Corresponding couplings 132 are used to couple one or more extension sections within feed tubes 131, e.g., to lengthen or shorten feed tubes 131 in a manner corresponding to the lengthening or shortening of the oxidizer 100. In other words, if in a particular application it is desired to increase the length of the feed tubes 131 (i.e., the length between inlet 156 and outlet 108 in the embodiment illustrated in FIGS. 3-8), a tube section can be coupled between other tube sections or between a tube section and an end portion of the matrix bed. Such coupling can be accomplished using conventional coupling systems, for example. Similarly, if in a particular application it is desired to decrease the length of the feed tubes 131, a tube section can be removed from between other tube sections or from between a tube section and an end portion of the matrix bed. This ability to lengthen or shorten the feed tubes makes it possible to lengthen or shorten the path of combustible vapor as it passes through the feed tubes.

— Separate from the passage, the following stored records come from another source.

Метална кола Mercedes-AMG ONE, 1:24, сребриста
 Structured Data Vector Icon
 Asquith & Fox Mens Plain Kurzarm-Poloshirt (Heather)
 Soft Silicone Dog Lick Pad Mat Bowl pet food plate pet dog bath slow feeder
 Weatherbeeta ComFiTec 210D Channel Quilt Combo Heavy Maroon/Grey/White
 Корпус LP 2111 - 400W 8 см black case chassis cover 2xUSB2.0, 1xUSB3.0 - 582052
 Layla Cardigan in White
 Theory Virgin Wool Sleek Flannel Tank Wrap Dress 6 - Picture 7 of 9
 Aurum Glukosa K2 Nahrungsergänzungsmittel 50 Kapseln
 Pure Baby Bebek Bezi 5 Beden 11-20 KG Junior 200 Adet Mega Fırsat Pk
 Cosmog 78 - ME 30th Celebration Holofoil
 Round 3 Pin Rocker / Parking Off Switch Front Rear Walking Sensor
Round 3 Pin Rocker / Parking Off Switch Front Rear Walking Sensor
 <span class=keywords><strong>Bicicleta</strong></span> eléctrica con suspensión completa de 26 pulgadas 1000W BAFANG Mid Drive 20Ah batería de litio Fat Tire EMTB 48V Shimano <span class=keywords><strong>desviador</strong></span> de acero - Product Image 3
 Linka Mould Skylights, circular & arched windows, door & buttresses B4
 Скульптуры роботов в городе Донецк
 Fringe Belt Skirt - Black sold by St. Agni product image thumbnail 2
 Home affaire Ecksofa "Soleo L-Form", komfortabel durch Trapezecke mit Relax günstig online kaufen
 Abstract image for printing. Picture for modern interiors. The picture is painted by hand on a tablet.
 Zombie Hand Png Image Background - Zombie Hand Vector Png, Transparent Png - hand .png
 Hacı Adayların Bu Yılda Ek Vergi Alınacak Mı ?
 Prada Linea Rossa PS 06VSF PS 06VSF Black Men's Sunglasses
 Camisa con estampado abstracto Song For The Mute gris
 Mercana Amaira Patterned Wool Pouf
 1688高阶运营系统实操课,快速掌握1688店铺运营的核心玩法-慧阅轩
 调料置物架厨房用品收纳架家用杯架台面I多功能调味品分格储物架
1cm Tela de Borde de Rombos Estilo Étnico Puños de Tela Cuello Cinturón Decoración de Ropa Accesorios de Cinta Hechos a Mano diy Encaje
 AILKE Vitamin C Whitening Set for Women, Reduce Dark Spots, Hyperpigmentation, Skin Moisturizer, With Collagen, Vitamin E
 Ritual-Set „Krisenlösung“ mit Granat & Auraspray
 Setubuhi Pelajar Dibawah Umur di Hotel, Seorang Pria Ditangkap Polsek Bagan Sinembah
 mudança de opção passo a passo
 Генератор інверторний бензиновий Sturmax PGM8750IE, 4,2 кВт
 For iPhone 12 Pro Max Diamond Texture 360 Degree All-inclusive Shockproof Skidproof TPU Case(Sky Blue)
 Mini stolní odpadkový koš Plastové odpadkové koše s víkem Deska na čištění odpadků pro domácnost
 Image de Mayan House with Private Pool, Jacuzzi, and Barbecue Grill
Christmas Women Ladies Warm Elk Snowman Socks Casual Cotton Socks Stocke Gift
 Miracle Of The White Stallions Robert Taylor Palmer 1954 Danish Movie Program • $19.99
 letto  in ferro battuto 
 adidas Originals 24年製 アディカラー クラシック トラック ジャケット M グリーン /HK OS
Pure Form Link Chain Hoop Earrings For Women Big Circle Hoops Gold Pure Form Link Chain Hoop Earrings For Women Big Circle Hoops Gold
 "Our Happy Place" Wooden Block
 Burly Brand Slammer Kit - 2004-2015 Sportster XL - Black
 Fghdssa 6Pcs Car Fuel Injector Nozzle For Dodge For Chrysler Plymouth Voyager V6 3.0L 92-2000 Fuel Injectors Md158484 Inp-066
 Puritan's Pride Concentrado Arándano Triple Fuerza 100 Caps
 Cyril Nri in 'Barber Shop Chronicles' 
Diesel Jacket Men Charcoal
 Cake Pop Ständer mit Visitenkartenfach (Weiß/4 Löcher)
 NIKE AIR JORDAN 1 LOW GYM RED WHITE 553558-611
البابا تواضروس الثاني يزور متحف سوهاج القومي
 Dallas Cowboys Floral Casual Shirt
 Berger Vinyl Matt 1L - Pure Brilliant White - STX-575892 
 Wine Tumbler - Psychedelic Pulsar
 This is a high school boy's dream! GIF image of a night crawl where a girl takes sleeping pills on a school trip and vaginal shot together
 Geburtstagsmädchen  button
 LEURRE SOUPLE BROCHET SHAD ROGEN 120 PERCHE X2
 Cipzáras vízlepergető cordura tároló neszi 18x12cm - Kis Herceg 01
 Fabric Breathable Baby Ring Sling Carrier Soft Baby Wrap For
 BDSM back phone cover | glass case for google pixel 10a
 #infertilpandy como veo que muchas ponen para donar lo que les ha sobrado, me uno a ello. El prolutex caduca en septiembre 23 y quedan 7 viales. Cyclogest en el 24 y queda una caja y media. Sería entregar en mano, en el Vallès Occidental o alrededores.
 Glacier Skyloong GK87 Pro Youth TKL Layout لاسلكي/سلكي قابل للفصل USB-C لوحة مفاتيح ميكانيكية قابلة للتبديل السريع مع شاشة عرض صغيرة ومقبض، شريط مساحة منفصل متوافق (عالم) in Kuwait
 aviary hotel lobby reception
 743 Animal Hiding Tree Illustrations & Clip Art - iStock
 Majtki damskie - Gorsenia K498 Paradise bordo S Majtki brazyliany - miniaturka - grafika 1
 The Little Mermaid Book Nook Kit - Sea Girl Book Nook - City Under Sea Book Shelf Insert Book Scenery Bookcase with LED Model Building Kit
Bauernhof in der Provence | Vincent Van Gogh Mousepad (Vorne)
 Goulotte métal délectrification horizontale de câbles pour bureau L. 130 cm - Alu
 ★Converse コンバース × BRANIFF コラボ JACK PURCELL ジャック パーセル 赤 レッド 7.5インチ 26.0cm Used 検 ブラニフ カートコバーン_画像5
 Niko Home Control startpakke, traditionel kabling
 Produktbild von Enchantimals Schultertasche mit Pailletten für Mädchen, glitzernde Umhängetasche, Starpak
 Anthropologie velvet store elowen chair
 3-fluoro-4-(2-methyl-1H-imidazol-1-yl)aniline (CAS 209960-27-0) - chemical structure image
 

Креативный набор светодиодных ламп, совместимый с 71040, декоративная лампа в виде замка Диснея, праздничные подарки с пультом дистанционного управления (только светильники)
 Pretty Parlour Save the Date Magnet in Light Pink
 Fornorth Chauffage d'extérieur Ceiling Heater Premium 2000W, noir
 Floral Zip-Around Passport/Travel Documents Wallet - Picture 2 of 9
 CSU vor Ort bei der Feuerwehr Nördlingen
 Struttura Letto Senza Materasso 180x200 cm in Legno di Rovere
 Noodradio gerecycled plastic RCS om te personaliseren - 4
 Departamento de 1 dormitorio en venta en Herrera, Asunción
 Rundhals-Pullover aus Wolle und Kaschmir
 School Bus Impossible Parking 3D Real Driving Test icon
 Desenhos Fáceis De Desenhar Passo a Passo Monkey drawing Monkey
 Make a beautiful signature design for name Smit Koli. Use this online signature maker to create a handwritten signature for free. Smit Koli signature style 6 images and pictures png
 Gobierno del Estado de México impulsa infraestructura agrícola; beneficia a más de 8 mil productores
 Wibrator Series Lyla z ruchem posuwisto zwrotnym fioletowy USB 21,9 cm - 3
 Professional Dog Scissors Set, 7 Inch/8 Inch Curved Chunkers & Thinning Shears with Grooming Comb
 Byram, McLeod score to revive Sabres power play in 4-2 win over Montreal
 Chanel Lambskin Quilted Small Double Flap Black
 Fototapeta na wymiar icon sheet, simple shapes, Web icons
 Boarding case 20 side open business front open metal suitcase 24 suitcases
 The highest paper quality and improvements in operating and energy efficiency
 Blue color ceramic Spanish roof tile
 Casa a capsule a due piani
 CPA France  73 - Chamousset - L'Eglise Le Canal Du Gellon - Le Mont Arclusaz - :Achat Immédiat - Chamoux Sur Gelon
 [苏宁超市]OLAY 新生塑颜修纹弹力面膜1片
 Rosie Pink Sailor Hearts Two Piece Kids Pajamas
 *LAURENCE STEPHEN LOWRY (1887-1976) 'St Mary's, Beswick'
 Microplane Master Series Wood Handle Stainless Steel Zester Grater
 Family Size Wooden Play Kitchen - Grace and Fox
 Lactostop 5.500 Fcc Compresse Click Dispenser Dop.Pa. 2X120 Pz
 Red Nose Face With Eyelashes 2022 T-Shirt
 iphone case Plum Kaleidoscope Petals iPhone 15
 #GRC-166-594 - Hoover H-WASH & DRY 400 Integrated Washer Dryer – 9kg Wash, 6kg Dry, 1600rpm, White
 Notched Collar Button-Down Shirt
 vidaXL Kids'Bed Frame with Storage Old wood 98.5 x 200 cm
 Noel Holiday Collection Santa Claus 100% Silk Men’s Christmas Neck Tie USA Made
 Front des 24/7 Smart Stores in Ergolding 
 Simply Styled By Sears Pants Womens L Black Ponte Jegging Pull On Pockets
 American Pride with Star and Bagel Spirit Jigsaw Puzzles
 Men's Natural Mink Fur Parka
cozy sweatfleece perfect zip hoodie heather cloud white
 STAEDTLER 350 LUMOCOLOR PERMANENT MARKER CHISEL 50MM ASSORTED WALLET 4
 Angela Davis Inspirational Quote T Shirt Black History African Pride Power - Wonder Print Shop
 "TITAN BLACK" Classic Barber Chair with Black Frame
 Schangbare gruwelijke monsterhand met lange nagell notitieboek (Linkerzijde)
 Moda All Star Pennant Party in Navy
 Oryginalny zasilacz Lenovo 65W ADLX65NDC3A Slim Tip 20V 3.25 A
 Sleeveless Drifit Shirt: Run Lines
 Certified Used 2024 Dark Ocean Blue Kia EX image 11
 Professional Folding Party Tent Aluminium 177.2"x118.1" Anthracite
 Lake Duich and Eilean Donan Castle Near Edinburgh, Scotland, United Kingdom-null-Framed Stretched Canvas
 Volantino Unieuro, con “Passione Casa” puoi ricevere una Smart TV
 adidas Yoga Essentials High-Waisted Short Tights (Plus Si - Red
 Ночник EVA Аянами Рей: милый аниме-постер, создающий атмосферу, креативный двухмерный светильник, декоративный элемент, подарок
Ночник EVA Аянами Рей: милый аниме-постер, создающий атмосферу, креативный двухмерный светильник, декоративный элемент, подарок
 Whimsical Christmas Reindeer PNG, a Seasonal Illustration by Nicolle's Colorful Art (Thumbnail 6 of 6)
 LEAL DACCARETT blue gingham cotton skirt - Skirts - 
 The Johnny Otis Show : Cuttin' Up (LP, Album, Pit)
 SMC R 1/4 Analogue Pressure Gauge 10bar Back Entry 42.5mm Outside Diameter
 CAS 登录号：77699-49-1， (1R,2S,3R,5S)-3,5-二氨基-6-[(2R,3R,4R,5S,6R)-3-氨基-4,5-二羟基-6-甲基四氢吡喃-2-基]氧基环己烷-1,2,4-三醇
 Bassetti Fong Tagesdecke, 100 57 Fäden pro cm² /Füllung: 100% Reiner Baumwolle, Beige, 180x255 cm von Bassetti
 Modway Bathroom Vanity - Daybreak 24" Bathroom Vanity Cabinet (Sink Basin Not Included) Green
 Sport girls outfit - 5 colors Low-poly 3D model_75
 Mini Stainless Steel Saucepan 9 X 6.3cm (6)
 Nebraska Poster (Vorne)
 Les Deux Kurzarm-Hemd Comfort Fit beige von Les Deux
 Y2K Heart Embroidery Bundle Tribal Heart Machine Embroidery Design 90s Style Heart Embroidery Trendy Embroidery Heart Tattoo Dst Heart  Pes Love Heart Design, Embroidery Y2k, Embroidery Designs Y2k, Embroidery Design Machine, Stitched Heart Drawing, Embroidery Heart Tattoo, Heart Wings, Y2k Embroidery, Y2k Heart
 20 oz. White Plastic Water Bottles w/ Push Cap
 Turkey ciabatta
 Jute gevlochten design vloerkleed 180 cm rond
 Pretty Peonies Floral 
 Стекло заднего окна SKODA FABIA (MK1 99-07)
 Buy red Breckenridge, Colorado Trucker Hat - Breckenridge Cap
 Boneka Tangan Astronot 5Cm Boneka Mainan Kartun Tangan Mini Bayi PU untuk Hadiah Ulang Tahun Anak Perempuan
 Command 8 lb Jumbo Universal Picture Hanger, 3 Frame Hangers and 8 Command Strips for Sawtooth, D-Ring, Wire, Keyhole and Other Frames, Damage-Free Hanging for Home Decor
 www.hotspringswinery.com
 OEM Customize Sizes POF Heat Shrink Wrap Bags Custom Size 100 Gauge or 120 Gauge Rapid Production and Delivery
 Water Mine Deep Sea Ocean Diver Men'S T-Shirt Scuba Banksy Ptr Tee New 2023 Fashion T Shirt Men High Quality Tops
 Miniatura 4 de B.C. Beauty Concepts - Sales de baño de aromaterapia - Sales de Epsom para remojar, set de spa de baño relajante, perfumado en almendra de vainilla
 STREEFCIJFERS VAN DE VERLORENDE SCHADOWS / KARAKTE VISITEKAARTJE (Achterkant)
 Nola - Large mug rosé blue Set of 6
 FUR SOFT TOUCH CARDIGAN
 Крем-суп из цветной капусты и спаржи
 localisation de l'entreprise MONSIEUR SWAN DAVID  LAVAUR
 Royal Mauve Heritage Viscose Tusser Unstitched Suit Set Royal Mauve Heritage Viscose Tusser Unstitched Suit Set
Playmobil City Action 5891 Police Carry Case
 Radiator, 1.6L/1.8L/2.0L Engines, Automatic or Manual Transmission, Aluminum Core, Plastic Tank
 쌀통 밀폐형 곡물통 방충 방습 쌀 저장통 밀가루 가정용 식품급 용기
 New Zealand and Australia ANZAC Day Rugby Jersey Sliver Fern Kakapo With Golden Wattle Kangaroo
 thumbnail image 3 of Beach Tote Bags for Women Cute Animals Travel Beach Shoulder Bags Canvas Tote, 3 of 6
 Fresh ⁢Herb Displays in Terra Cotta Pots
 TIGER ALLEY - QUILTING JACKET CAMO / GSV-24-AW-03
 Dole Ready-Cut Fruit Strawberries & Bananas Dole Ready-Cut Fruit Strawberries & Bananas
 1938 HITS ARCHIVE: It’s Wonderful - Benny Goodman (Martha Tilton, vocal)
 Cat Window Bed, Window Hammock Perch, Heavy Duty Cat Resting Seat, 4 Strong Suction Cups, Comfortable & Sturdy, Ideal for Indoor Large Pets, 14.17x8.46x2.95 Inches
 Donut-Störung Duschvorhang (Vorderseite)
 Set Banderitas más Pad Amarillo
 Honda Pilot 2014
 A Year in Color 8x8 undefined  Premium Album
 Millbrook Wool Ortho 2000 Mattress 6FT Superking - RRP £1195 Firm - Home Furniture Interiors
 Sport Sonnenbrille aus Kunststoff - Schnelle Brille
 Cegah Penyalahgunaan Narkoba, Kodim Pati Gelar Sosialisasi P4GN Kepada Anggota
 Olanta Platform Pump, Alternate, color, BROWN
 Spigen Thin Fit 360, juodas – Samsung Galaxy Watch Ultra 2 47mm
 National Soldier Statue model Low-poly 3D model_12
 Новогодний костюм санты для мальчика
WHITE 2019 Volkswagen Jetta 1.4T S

Optional sampling nozzles are shown at 105. Such nozzles 105 provide access from an exterior of the oxidizer 100 to the matrix bed 150 for sampling the matrix at various locations in the oxidizer or for other purposes.

Feed tubes 131 and matrix bed 150 have diameters D1 and D2, respectively, with feed tubes 131 having a length L1 within the matrix bed 150. The interior of flameless thermal oxidizer 100 has a length L2, defined between the matrix support plate 117 at the bottom portion of the oxidizer 100 and the bottom surface of the insulation 151 at the top portion of the oxidizer 100. The matrix bed 150 is contained within shell 102 at one end by the matrix support plate 117, which may be structurally reinforced with the support bars 118 illustrated in FIGS. 3, 5, and 7.

The feed tubes 131 pass through matrix support plate 117 at the base of the matrix bed 150 and through tube sheet 106, which tube sheet 106 forms a seal against the feed tubes and thereby separates exhaust plenum 109 from combustible vapor plenum 107. Lower head 103b forms the bottom of exhaust plenum 109, which may optionally include a preheat burner mounting nozzle 119. End portions of the feed tubes 131 extend into the combustible vapor plenum 107 to receive combustible vapors.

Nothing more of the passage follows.